### What to do
Take the material below and reproduce, word for word, only the lines from the line with "深港口岸恢复正常通关首日 蛇口邮轮母港迎来首批乘船由港来深旅客" through the line with "李亚鹏前妻回四川过年,住村里山上大别墅,三层楼院子大到能跑步(组图) - 8".
────
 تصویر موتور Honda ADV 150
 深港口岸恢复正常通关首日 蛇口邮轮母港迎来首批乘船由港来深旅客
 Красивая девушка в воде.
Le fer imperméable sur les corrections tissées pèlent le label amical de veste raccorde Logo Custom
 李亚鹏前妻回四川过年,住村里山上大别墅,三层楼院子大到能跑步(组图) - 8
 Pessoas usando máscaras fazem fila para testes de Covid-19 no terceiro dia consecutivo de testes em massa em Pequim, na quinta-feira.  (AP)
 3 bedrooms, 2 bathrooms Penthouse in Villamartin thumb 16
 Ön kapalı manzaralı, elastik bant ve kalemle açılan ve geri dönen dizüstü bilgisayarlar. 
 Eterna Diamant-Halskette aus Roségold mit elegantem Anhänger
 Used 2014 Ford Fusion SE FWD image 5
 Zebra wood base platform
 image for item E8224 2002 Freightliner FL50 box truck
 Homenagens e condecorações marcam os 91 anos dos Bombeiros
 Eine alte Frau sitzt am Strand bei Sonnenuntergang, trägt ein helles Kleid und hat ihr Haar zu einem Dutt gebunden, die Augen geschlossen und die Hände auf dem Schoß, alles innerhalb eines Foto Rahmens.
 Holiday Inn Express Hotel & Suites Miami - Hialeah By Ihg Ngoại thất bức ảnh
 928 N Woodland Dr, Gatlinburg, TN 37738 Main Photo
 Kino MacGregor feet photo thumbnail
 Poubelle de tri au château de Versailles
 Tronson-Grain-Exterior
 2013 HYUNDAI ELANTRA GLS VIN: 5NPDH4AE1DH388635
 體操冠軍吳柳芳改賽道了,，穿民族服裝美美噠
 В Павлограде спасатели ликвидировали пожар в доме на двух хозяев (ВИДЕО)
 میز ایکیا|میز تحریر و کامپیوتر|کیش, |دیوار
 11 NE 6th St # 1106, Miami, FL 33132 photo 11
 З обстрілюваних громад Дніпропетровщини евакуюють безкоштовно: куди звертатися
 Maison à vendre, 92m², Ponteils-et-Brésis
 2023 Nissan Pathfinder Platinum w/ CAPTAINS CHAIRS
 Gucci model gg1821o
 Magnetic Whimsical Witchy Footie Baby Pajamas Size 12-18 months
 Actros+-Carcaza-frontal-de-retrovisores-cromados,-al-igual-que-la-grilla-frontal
────
### Solved problem
 深港口岸恢复正常通关首日 蛇口邮轮母港迎来首批乘船由港来深旅客
 Красивая девушка в воде.
Le fer imperméable sur les corrections tissées pèlent le label amical de veste raccorde Logo Custom
 李亚鹏前妻回四川过年,住村里山上大别墅,三层楼院子大到能跑步(组图) - 8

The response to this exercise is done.